On Laura Hillenbrand's “Unbroken: A World War II Story of Survival, Resilience, and Redemption” (2010) and Nagisa Oshima's “Merry Christmas, Mr. Lawrence” (1983)

Natural companions: the former is a nonfiction book and the latter is a fictional film.
It's easy to empathize with the prisoner of war and difficult to understand the torturer.
The Bird in “Unbroken” remains opaque no matter how many layers Hillenbrand reveals (and some of it by guesswork). He embodies that title in some sense (without the redemption part) as much as the real subject of the book is. In Oshima's film, Yonoi supppresses his homo urges, channels it, and oppresses. And am I to believe that's enough to explain his cruelty?

War time exists in in its own dimension. Power corrupts and even more so in those conditions.
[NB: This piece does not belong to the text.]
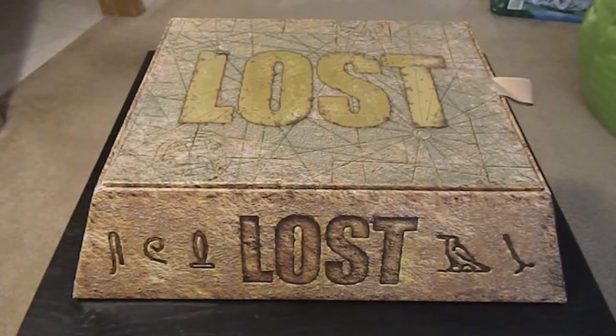Hey everyone. Realistically this video is just particularly for one person — a friend that found out I have the Lost Collector's Edition temple box — but I decided to make a video and just post it on YouTube anyway.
The captors ignore the Geneva Convention because they are not in Europe, as one of the officers say in “Unbroken” and they are not in Geneva, as Yonoi says in “Merry Christmas, Mr. Lawrence.” They are nowhere. The usual rules do not apply. Abu Ghraib and Gitmo come to mind.

In both works, there are redemptions: Zamperini's in “Unbroken” and Hara's in “Merry Christmas ...” I find them the least satisfying parts. Those are internal journeys both characters undergo that both works do not ably take us through. They feel tacked on as endings.